By Christopher Ragozzino, Associate & Rocky Zhou, Lawyer

Five judges of the appellate jurisdiction of the Federal Circuit and Family Court of Australia (FCFCOA) recently found against a father who was alleged to have sexually abused his child.

The Background

The appellant father and respondent mother are the parents of four children. The eldest son was 10 years at the time of judgment.

In April 2018, when the eldest son was nearly seven years of age, he alleged in the presence of several adults and children that the father sexually assaulted him. Two days later, the mother confronted the father about the allegation, which the father denied.

Following the alleged incident, the child was interviewed by the police three times. The father was charged with rape, but this charge was later withdrawn by the police.

As a result of the allegations against the father, the mother withheld the children from spending time with him. The father commenced parenting proceedings in July 2018 to spend time with the children. Interim orders were eventually made for the children to spend professionally supervised time with the father.

In September 2020, final consent orders were made for the children to live with the mother and to spend unsupervised time with the father following a period of graduated supervision. Before the orders took effect the State child welfare agency stepped in and commenced child welfare proceedings seeking orders that the children live with the mother and spend only supervised time with the father. These welfare orders overrode the parenting orders which were in place.

The decision at trial

The father commenced fresh proceedings. In response to this the child welfare agency agreed to participate as a party and abandon the welfare proceedings.

The central issue before the trial Judge was the allegation that the father posed an unacceptable risk of harm to the children. The mother and the child welfare agency both contended that he did, whilst the father denied this, claiming the mother encouraged the child to make false allegations against him.

The judge ultimately found that the father did present an unacceptable risk to the children if he spent unsupervised time with them, despite there being no positive finding that he had sexually abused the child. Orders were subsequently made providing the father with only supervised time with the children.

The appeal

The father then appealed to the appellate division of the FCFCOA. On appeal, the court agreed with the decision of the trial judge.

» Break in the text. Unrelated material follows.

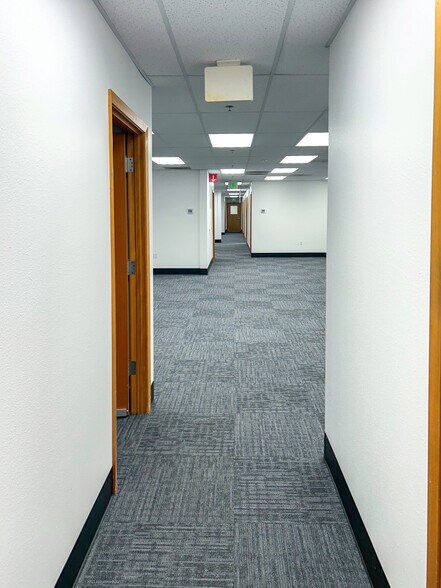 More Photos Of 10675 N Lombard St, Portland Distribution For Lease
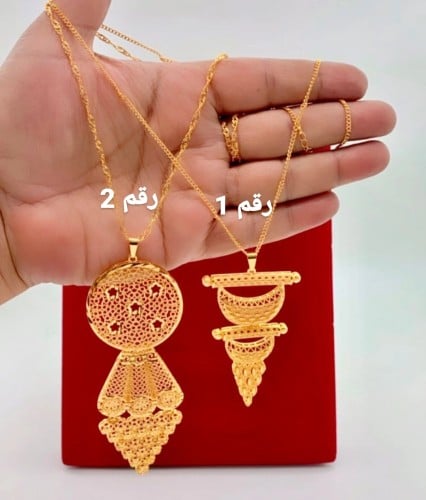 عقد كبير مطلي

The court confirmed that, in cases where allegations of child sexual abuse are made, it is incorrect to deal with the risk of the abuse being proven on the balance of probabilities, in the same way as facts are proven. The appellate court agreed with comments made by the trial judge that “the evidentiary fact-finding exercise is conducted to the standard of on the balance of probabilities pursuant to s 140 of the Evidence Act whereas the predictive consideration of unacceptable risk, not being limited to findings of past fact, looks more to “possibilities”.

Whether or not abuse has occurred is a finding of fact made by the judge after hearing the evidence. The applicable rules of evidence apply to this question. Then, the court looks at whether unacceptable risk exists, based on known facts and circumstances. The finding of unacceptable risk is one that the Judge makes, at their discretion, considering the facts and circumstances of the case.

Take-away points

  • This decision reinforces how the court will consider allegations of abuse in family law parenting proceedings. As is evident in this case, a positive finding of fact that sexual abuse occurred is not required when making the finding that a parent poses an unacceptable risk of harm to children.
  • The two questions are: whether or not allegations of abuse are proven on the balance of probabilities and whether or not an unacceptable risk of harm is demonstrated. In terms of assessing whether there is an unacceptable risk of harm, the correct test is directed at assessing the possibility of a child being harmed in the future and whether that possibility amounts to an unacceptable risk.
  • Attention should be given to risks of harm, even if they are improbable eventualities.
  • If issues of risk arise, a family violence intervention order can provide initial protection for a child.

A special leave application has recently been lodged with the High Court of Australia following this decision. We will update this article as the application progresses.